Ouve-se o som das sanfonas de pessoas simples do nosso dia a dia, vindo dos quatro cantos da cidade; das Três Pontes, o fole do Zé Estevão; das Duas Estradas a sanfona choradeira do João das Ovelhas; lá do Tabuleiro, o forró pé de serra da concertina do Zé Preá; da Chã do Brejo, o Rui e o Zé do Peba tocando o fole até de manhã; e do Pipiripau, o Louro com sua sanfona afinada. E lá das bandas do Jerimum, o mais jovem e músico de mão cheia, o Chililique.

Antes de o baile começar, não deveria perder ou deixar de fazer uma visita aos bares de Anadia, um espetáculo à parte. Como esquecer a Toca do Zeca, Bar do Sete, Chico Preto, Tio Miguel, Bastiana, Marinheiro, com água na boca vocês vão ficar: galinha assada, bode guisado, rim na brasa, costela de porco assado, mocotó de boi, rabada, charque, fava, feijão verde, pirão bordado, farinha, cebola, tomate e pimenta…

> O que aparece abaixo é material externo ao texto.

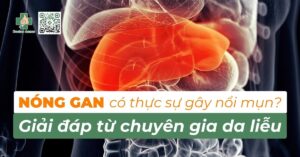 nóng gan có thật sự gây nổi mụn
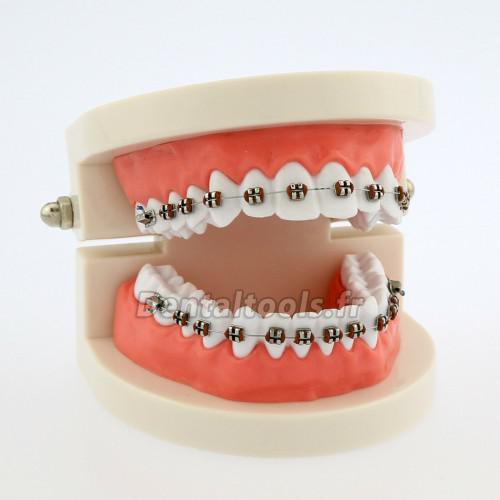 Démonstration Typodont de l'enseignement dentaire Modèle de dents avec attelles pour patient étude 5006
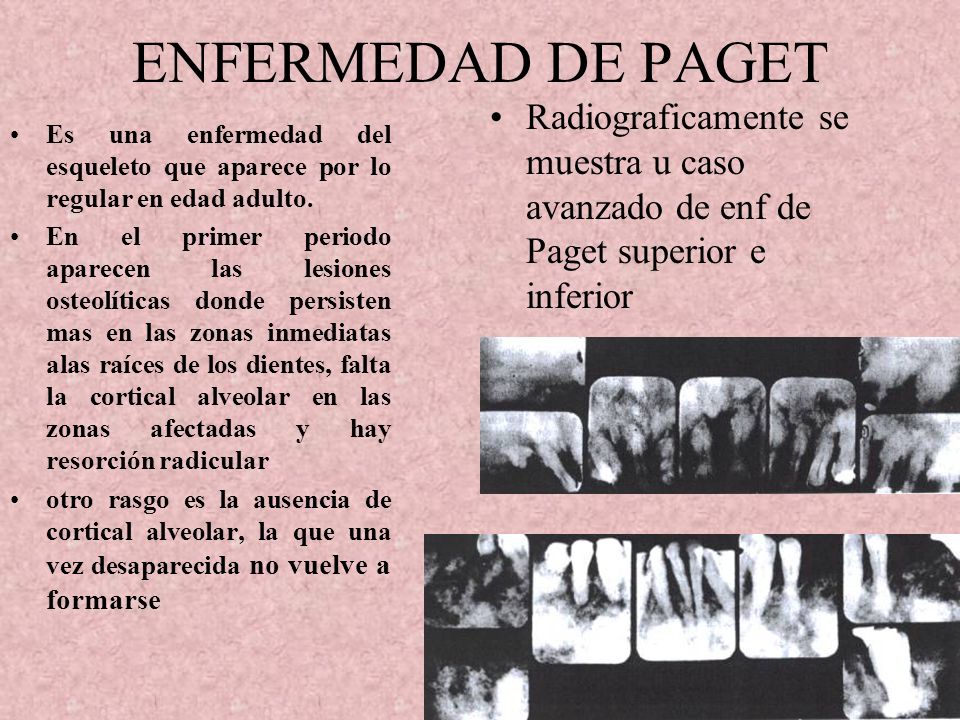 ENFERMEDAD DE PAGET Radiograficamente se muestra u caso avanzado de enf de Paget superior e inferior.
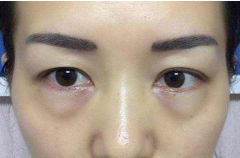 如何消除眼袋才有效？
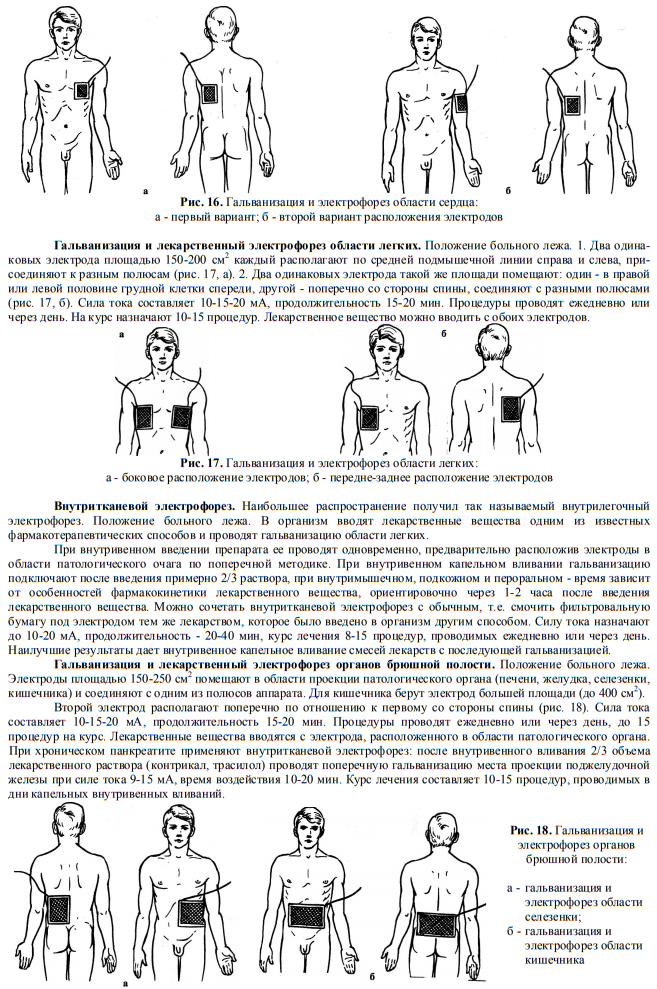 Методика процедуры. Методика наложения электродов при электрофорезе. Электрофорез методики наложения электродов. Методики гальванизации в физиотерапии. Методики расположение электродов электрофорез.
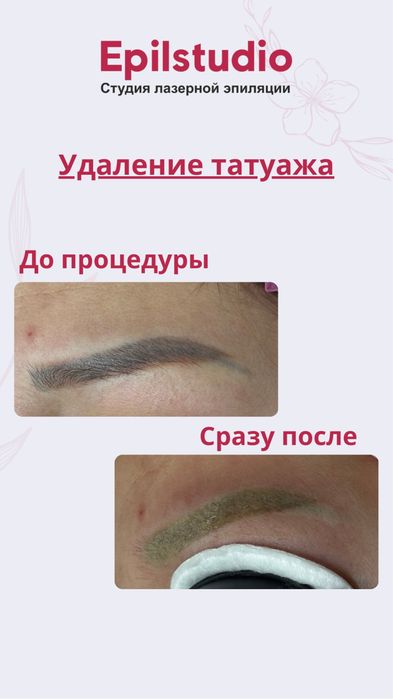 Удаление татуажа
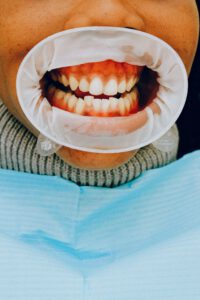 Zähne mit Zahnfleischtaschen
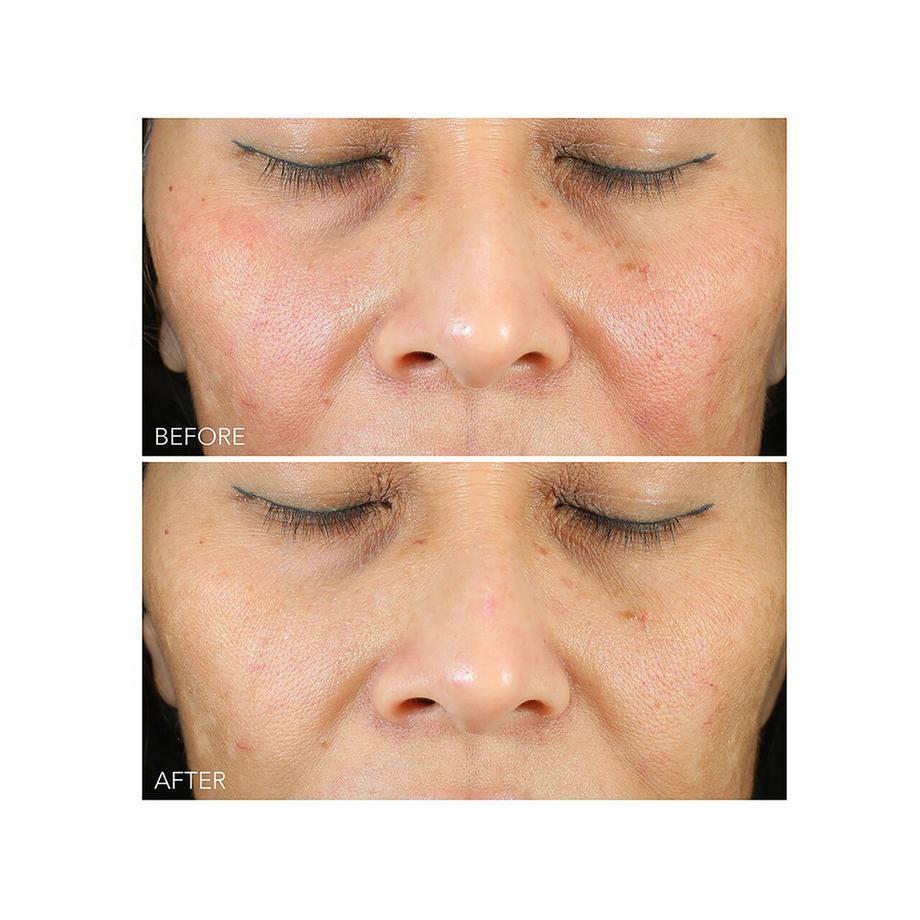 Dr Dennis Gross  Vitamin C + Lactic Oil-Free Radiant Moisturizer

Não se consegue fazer festa sem o povo! A população cúmplice desse momento enchia nossas ruas dando um colorido especial com as roupas, as fantasias de matuto, às vezes desnecessárias, pois já éramos bem caracterizados e felizes. Dos nomes que vou citar servem apenas para sinalizar aos mais jovens, que lá do firmamento eles estão a nos cobrar a repetição de seus feitos, pois pra ser São João tinha que ter: Ramiro Gato, Delson, Ednor, Gerson, Adelmo Bento, Roderique, Zé Farias, Zé da Marina, Zé Torres, Sebastião Chagas, Eurico, Paulo Rodrigues, Darci, Joaci, Antônio Fidélis, Antero Almeida, Elói Julião, Cajaíba, João Doça, Generino, Luiz Lucas, Afrânio Porto, Zeca Barros, Zé da Quininha, Zé Cavalcante, Antônio Preto, Hermes, Túlio, Josias, Lucas, Ápio, Cordélio Maranhão, João Teixeira, Anacleto Teixeira, João Sapucaia, Manu Pinto, Nininho e Zé Moura. Creio que a constelação esteja bem representada.

O baile já vai começar! Um capítulo à parte. Na Sobra, o salão cheinho de gente, animação contagiante e o forró levantando o poeirão, o suor correndo na testa e o chiado do chinelo a se escutar. Na Arca, a festa ganha ares de teatro, roupas e fantasias a desfilar abrilhantando a noite do São João, o salão lotado, eu ainda menino abismado a escutar o famoso Antônio do Baião a cantar uma canção predileta que diz: “Olha pro Céu meu amor, vê como ele está lindo, olha praquele balão multicor, como no céu vai subindo”. Mais adiante a música revela o estágio de absoluto transe que vivíamos: “O céu estava, assim em festa, pois era noite de São João, havia balões no ar, xote, baião no salão, e no terreiro, o teu olhar que incendiou, meu coração.” Uma espontânea lágrima desce no meu rosto, como querendo mostrar o verdadeiro sentido do São João.

Agora eu entendo como o Luiz e o Zé retrataram em sublimes versos o que outros com os mesmos nomes ou diferentes, mas que abaixo do mesmo céu gostariam de dizer e reviver cantando: “Meninos brincando de roda, velhos soltando balão, moços em volta à fogueira brincando com o coração, eita, São João dos meus sonhos, eita, saudoso São João.”

Desculpem-me, mas o celular esta tocando. É minha sobrinha Isadora me dizendo que o São João de Caruaru é a festa dos meus sonhos.